Referencing his article Afterword: A Future Beyond Equality, he added, “We can be seduced by the international gay travel industry to visit ‘gay friendly’ (and ‘post-racial paradise’) Rio de Janeiro, and say nothing of the massive police violence and genocidal removal of blacks from favelas in preparation for the 2014 World Cup and 2016 Summer Olympics.”
Other panelists included Graeme Reid, director of the lesbian, gay, bisexual and transgender rights program at Human Rights Watch.
A follow-up conversation on Saturday brought together queer youth activists in Miami for an informal discussion focused on the intersection between local and global advocacy. The goal of the follow-up event was to shift the public conversation on queer activism, and engage students and local community members in finding solutions.

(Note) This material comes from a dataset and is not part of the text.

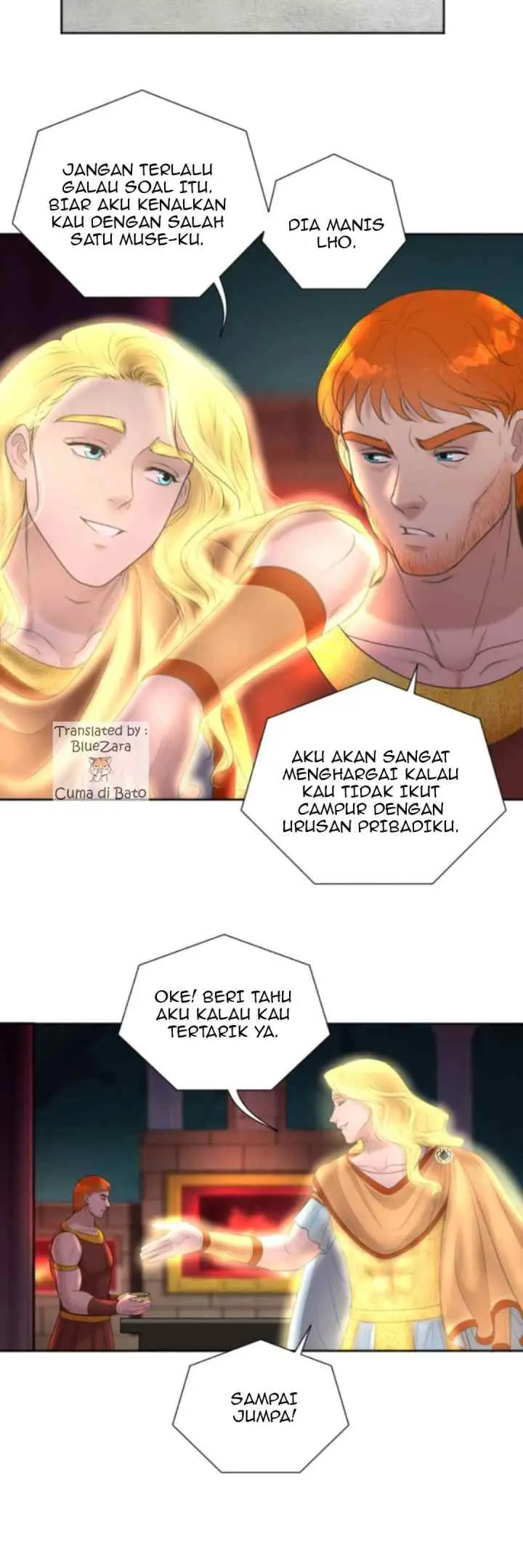 The Journey of Dionysus chapter 26 halaman 11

The symposium was co-sponsored by the UM College of Arts & Sciences’ Center for the Humanities, Women’s & Gender Studies Program, Modern Languages and Literatures’ Carter Fund, Department of Anthropology, Department of English, Office of Civic and Community Engagement, American Studies Program, Center for Latin American Studies, and Africana Studies Program. It was organized by the Center for the Humanities’ Queer Studies Research Group: Pamela Geller (Anthropology), Brenna Munro (English), Gema Pérez-Sánchez (MLL), and Steven Butterman (MLL & WGS).